La Cour rappelle finalement que le contrat de travail implique un lien de subordination qui soumet le salarié à l’autorité et au contrôle de son employeur, respectivement du supérieur hiérarchique, mais c’est également un contrat de travail qui doit reposer sur une relation de confiance réciproque.
Or, en l’occurrence la salariée n’a pas accepté l’autorité de sa nouvelle hiérarchie, le docteur B , puisqu’elle reconnaît avoir contesté les compétences en auto- immunité de cette dernière, en indiquant dans ses conclusions d’appel « le docteur B est arrivée en 2008, en tant que chef du service hématologie et a été nommé en 2012 successeur du Pr. C en auto- immunité, à compter du 15 août 2015, mais n’est jamais venue apprendre auprès du professeur et a donc une connaissance de la matière, très complexe et spécifique, malheureusement extrêmement limitée » , dénotant par là un manque de respect à son égard, de sorte qu’aucune confiance réciproque n’existait entre la salariée et sa supérieure hiérarchique depuis août 2015, ce qui est rédhibitoire et constitue, au vu de la nature du travail effectué par la salariée, dont les résultats pouvaient constituer un risque pour les patients, une cause grave justificative de sa mise à pied.
7 En effet, une salariée fut-elle plus âgée, prétendument plus compétente et expérimentée que sa supérieure hiérarchique, quod non, ne peut s’autoriser des libertés dans l’exécution de son travail et agir de façon isolée et indépendante sans collaborer avec la supérieure hiérarchique.
Ce comportement à lui seul justifie la mise à pied de A et la résolution de son contrat de travail, sans qu’il n’y ait lieu de vérifier la réalité des autres griefs invoqués à l’appui de la mise à pied.
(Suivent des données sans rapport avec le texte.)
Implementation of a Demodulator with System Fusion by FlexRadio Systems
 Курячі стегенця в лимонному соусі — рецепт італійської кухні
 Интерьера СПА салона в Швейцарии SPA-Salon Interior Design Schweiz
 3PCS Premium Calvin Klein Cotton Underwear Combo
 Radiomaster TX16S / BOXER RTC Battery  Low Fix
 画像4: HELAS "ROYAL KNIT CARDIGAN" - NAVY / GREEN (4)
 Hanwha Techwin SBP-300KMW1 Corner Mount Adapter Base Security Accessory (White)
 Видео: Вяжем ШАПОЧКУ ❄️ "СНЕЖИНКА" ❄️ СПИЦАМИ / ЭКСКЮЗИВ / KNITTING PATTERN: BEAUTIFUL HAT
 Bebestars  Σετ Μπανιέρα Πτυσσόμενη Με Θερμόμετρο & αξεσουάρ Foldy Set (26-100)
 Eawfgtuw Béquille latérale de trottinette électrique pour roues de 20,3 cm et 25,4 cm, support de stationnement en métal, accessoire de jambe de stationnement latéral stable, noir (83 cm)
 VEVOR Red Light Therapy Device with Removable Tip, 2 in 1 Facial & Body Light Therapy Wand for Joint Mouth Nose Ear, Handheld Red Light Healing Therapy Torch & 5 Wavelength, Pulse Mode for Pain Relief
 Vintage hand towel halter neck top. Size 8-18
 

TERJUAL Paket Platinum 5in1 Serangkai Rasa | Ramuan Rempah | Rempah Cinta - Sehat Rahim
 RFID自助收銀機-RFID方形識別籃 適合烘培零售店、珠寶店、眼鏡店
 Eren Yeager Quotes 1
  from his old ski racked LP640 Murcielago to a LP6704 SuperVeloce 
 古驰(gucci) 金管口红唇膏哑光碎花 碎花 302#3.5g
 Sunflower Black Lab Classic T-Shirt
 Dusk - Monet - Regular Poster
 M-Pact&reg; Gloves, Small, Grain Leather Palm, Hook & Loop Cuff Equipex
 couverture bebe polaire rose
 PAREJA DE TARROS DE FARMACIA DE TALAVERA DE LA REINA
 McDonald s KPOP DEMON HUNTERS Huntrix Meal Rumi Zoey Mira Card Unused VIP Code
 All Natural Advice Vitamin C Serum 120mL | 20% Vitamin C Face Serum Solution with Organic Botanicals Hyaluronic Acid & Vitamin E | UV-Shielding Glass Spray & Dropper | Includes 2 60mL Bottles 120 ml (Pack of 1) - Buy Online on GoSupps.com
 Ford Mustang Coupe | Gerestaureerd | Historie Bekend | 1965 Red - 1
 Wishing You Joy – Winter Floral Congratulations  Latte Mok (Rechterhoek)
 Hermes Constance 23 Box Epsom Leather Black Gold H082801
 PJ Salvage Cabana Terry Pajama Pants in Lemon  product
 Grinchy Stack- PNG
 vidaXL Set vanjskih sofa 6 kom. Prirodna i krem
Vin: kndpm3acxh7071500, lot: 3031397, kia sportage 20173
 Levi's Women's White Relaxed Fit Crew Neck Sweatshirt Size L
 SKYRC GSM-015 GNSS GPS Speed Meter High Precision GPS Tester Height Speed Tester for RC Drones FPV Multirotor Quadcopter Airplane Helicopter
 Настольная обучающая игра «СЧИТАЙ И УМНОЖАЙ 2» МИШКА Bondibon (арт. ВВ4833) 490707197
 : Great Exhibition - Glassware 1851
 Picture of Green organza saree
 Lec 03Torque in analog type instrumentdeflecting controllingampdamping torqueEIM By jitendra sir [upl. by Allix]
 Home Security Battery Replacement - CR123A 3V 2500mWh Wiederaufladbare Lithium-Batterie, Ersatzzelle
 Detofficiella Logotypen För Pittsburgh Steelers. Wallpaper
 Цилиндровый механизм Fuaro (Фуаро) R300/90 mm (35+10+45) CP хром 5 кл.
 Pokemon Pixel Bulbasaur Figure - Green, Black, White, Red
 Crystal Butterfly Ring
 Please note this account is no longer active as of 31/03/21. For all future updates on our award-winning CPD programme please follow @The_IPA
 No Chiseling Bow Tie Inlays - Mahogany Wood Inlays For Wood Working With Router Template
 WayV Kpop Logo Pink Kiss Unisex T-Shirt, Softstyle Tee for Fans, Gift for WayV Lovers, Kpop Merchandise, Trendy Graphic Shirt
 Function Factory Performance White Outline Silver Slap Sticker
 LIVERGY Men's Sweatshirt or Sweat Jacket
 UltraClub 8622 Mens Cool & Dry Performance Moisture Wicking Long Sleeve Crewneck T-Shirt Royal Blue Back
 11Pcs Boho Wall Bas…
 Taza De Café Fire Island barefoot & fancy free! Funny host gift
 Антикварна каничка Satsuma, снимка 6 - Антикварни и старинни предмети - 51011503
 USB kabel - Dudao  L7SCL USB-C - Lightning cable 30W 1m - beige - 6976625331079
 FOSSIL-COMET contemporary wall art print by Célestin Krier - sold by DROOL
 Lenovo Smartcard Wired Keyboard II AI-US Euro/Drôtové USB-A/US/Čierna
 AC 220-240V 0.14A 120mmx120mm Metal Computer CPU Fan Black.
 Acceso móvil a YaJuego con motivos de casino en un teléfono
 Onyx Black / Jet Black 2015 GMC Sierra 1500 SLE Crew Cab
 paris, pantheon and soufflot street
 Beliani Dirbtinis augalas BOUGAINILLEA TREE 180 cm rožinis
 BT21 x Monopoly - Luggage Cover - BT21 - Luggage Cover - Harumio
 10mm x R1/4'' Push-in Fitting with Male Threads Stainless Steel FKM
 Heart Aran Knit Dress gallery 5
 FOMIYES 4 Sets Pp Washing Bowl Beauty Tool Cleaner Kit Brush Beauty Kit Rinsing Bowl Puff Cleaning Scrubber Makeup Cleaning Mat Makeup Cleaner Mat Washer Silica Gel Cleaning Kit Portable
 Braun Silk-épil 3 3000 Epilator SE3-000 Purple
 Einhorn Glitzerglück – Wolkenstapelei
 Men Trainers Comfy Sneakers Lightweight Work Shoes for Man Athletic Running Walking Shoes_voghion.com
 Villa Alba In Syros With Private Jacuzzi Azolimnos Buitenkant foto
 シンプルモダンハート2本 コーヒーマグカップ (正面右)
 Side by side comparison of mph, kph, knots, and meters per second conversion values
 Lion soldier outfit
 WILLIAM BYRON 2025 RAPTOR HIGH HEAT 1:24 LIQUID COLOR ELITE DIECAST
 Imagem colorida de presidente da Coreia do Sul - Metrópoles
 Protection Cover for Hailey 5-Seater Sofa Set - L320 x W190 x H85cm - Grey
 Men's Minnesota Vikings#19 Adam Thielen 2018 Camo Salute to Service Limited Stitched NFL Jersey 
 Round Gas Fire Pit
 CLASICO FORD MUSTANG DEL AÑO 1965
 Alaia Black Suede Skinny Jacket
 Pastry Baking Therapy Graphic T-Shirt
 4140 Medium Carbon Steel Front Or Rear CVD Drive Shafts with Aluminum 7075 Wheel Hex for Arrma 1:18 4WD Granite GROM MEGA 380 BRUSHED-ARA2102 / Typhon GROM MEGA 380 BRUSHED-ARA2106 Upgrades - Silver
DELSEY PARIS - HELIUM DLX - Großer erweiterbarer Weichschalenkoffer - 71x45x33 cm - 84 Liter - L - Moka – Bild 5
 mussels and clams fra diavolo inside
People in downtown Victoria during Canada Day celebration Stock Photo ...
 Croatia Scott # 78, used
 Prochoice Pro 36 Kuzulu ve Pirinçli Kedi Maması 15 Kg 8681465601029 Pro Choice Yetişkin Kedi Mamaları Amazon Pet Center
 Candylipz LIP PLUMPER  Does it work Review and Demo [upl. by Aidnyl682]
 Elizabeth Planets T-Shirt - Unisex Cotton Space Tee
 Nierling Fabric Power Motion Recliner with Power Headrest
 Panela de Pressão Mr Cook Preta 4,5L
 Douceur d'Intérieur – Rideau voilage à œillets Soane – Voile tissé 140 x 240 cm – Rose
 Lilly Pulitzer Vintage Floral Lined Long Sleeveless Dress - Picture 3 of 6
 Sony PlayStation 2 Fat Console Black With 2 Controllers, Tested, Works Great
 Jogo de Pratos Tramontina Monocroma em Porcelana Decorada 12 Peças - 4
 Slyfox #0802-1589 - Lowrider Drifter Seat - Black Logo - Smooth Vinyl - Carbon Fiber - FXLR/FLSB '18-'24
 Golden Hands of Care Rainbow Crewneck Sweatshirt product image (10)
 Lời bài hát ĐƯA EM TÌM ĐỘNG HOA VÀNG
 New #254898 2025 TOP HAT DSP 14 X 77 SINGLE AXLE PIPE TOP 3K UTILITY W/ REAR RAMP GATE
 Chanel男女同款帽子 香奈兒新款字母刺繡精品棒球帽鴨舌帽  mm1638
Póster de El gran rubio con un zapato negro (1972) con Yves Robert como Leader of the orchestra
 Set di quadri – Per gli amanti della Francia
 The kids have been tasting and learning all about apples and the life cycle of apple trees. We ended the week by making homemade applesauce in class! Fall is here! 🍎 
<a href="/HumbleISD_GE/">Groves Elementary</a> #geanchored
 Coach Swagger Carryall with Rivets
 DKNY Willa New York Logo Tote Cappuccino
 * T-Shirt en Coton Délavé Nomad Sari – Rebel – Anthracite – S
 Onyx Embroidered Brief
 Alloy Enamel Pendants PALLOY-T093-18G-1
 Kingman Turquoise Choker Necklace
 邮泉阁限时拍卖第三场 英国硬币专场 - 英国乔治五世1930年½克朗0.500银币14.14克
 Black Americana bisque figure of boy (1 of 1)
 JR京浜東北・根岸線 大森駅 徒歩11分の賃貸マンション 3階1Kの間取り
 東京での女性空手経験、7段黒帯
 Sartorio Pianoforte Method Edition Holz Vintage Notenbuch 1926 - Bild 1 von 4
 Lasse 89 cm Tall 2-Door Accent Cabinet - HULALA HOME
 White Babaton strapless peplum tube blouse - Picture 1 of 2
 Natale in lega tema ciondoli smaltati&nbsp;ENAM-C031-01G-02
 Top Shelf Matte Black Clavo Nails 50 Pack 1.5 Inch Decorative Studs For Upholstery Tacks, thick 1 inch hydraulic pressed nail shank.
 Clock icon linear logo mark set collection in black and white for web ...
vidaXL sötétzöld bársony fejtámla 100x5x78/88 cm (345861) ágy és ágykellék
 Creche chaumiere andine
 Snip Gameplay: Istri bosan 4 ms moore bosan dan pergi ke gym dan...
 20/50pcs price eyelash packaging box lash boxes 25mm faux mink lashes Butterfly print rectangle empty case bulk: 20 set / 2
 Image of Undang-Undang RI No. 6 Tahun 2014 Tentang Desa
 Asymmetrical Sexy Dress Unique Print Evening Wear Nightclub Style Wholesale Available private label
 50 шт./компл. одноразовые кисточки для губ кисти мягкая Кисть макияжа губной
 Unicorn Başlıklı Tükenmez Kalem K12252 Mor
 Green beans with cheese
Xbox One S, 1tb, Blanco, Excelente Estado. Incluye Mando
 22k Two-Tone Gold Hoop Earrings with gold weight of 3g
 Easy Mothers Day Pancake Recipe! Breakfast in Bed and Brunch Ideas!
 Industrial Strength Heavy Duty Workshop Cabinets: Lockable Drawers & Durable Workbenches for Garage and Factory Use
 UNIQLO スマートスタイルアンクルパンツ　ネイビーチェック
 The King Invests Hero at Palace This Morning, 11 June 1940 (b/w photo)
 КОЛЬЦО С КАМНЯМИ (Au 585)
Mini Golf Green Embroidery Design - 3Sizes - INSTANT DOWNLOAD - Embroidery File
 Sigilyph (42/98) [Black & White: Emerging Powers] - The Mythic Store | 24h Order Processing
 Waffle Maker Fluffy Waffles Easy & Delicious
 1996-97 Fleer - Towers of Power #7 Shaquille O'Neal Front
Le jugement est partant à confirmer en ce qu’il a, d’une part déclaré valable la mise à pied de A et, d’autre part prononcé la résolution du contrat de travail avec effet au 4 novembre 2015 et finalement, par voie de conséquence, ordonné la restitution des salaires qui lui ont été versés durant la mise à pied sur base de l’ordonnance du Président du tribunal du travail du 7 janvier 2016.
Concernant le montant à restituer par A , il y a lieu de renvoyer l’affaire en prosécution de cause devant le tribunal du travail pour permettre d’instruire ce volet de la demande, ce dernier ayant réservé ce chef de la demande pour permettre à la société S1 SA de verser un décompte du montant à restituer, avec pièces justificatives des paiements à l’appui, montant qui n’a par ailleurs pas fait l’objet d’une instruction en instance d’appel.
Il en va de même des demandes respectives des deux parties basées sur l’article 240 du NCPC pour la première instance.
Chacune des parties réclame une indemnité de procédure pour l’instance d’appel.
N’ayant pas établi en quoi il serait inéquitable de laisser à leur charge une partie des frais non compris dans les dépens, les demandes respectives sont à rejeter.
PAR CES MOTIFS :
la Cour d’appel, troisième chambre, siégeant en matière de droit du travail, statuant contradictoirement, sur le rapport oral du magistrat de la mise en état,
déclare l’appel recevable,
8 le dit non fondé,
partant :
confirme le jugement entrepris, rejette les demandes des parties basées sur l’article 240 du NCPC pour l’instance d’appel, condamne A aux frais et dépens de l’instance. La lecture du présent arrêt a été faite en la susdite audience publique par Madame la présidente de chambre Ria LUTZ, en présence du greffier Isabelle HIPPERT.